Viele Polen auf Betrieb
Ergänzend werde auch mal ein Inserat auf der Website geschaltet, so arbeitet derzeit auch ein junger Bosnier aus Kriens für die Erdbeerernte. Und auch zwei Bäuerinnen sind in diesen Wochen in den Folientunnels auf den Pflückwagen anzutreffen. Ab Juni gebe es eher weniger Engpässe, weil in Polen dann die Studienferien starten und einige Leute zum Arbeiten für einige Monate hierher anreisen.
Praktikanten aus Schweiz
Während der Hochsaison beschäftigen Thürigs allein sechs Angestellte aus Polen, die auf dem Betrieb auch Kost und Logis erhalten.
Dazu kommen Schweizer Praktikant(innen) im Rahmen ihrer Ausbildung an der HAFL oder zur Bäuerin, und weitere Hilfskräfte, Pensionierte aus der Nachbarschaft auf Abruf oder auch Junge im Landdienst oder für Ferienjobs. «Den Sommer über waren wir auch schon 18 Leute hier», ergänzt Irmgard Thürig. Im Schnitt beschäftigt der Betrieb rund ein bis zehn Angestellte.

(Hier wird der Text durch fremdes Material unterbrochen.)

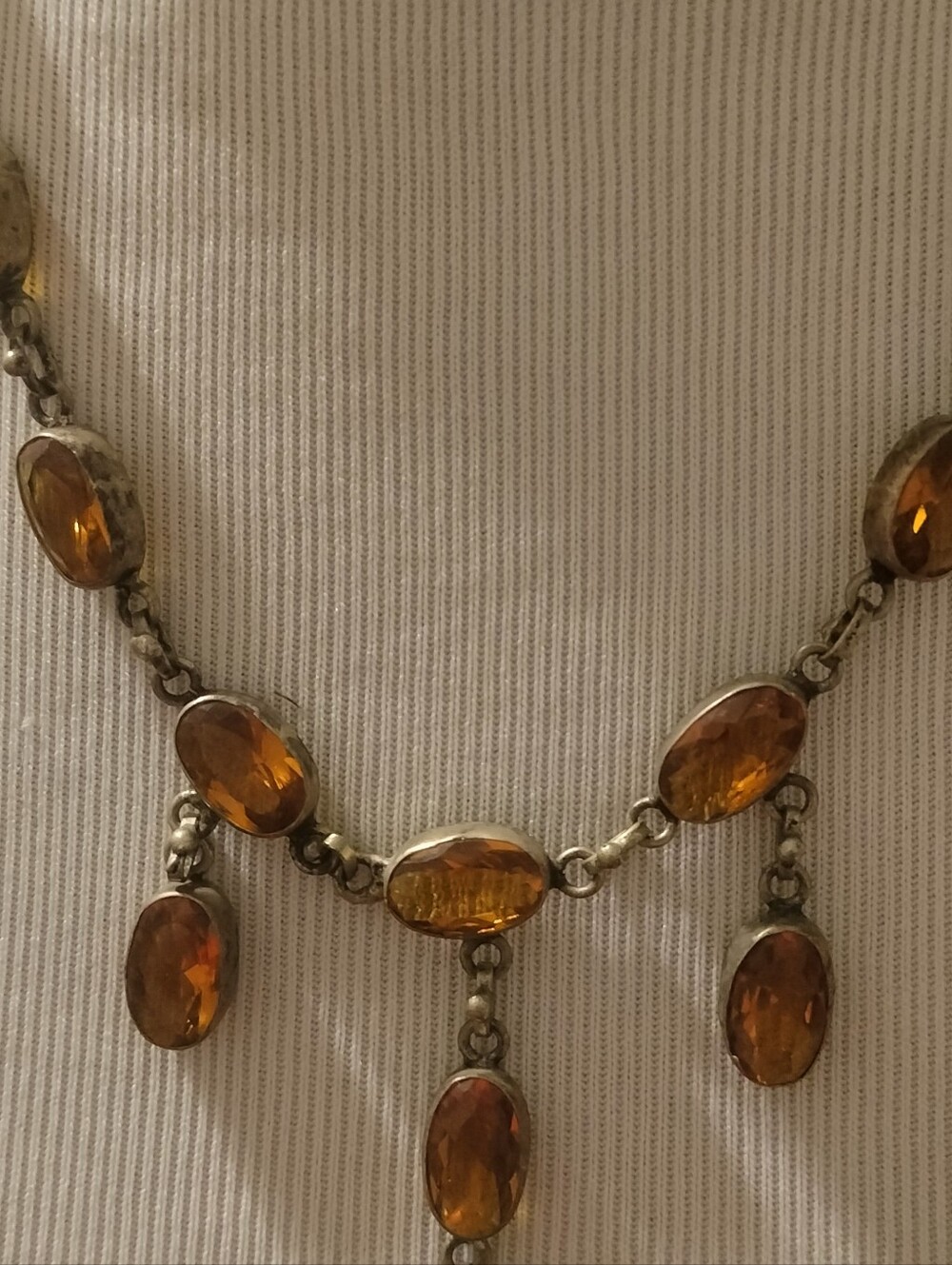 Amber Oval Drop Necklace - VTG - Classic - Silver Sets Mounted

Die Rekrutierung von Personal aus dem Ausland sei eher einfacher geworden, stellt Dominik fest. Auch in Polen sei das Leben teurer geworden, viele Leute suchen deshalb entsprechend bezahlte Jobs im Ausland. Und wegen der vielen Flüchtlinge aus der Ukraine in Polen werde auch von einer gewissen Konkurrenz auf dem dortigen Arbeitsmarkt berichtet. Allerdings spüren auch Thürigs den Lohndruck beziehungsweise wegen des Arbeitskräftemangels die steigenden Lohnansprüche von Angestellten auch aus dem Ausland. «Viele berücksichtigen die Berechnung von Kost und Logis und den Vorteil des kurzen Arbeitsweges aber zu wenig.»
Lange Erdbeerernte
Schon vor drei Wochen startete die Ernte der frühen und geschmackvollen Erdbeerensorten Flair und Clery in den geschlossenen Folientunnel Thürigs. Rund acht Sorten bauen sie an, die Ernte wird sich noch bis Anfang Juli erstrecken, dank ungedeckten oder mit weisser Folie aktiv verspäteten Sorten.

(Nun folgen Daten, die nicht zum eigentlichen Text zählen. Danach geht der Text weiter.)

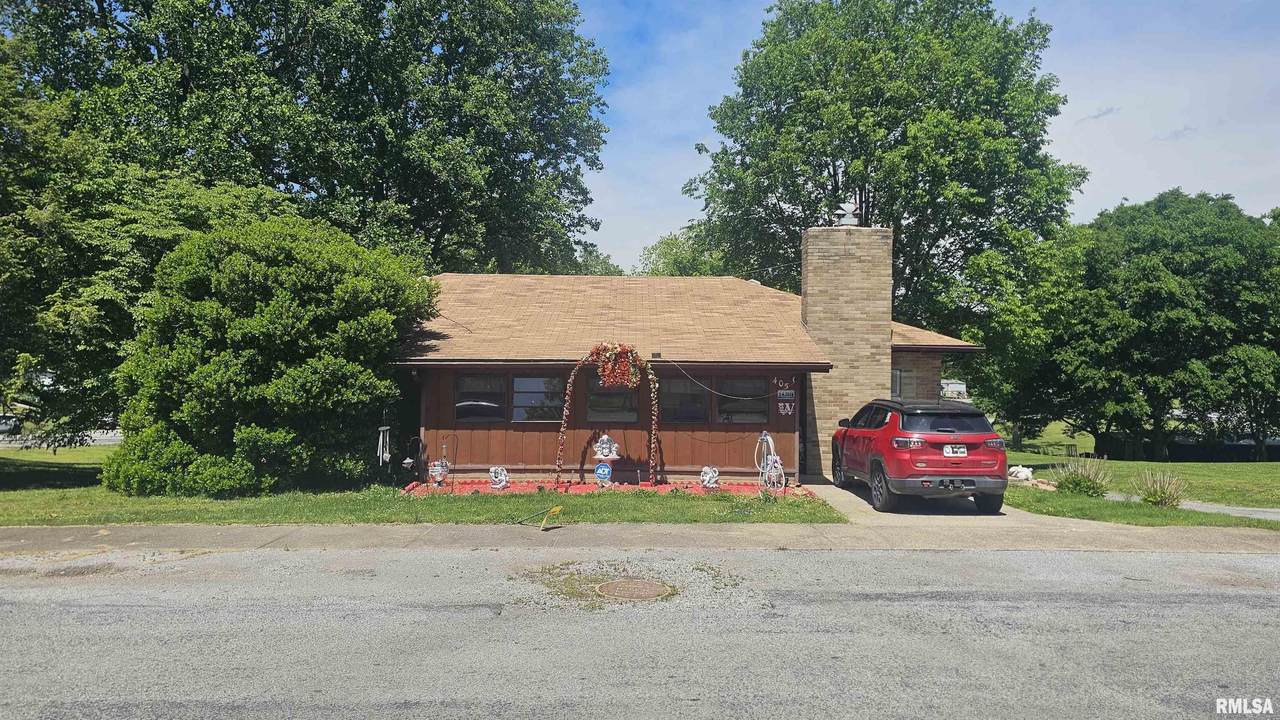 405 4TH Street - Photo 1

Mit dem bisherigen Ernteverlauf und dem Absatz sind sie zufrieden. Nun entscheide die Witterung, ob es so bleibt. Eine grosse Herausforderung sei auch bei Erdbeeren der Pflanzenschutz. Zumal immer mehr Mittel gestrichen werden, oder andere nicht mehr breit wirken, so dass mehr Durchgänge nötig werden.
Dank Tunnels seien die Früchte aber besser vor der Witterung geschützt, und darin lassen sich auch vermehrt Nützlinge ausbringen, das senkt den Einsatz von Spritzmitteln. Der Trend gehe deswegen vermehrt in Richtung gedeckte Anlagen.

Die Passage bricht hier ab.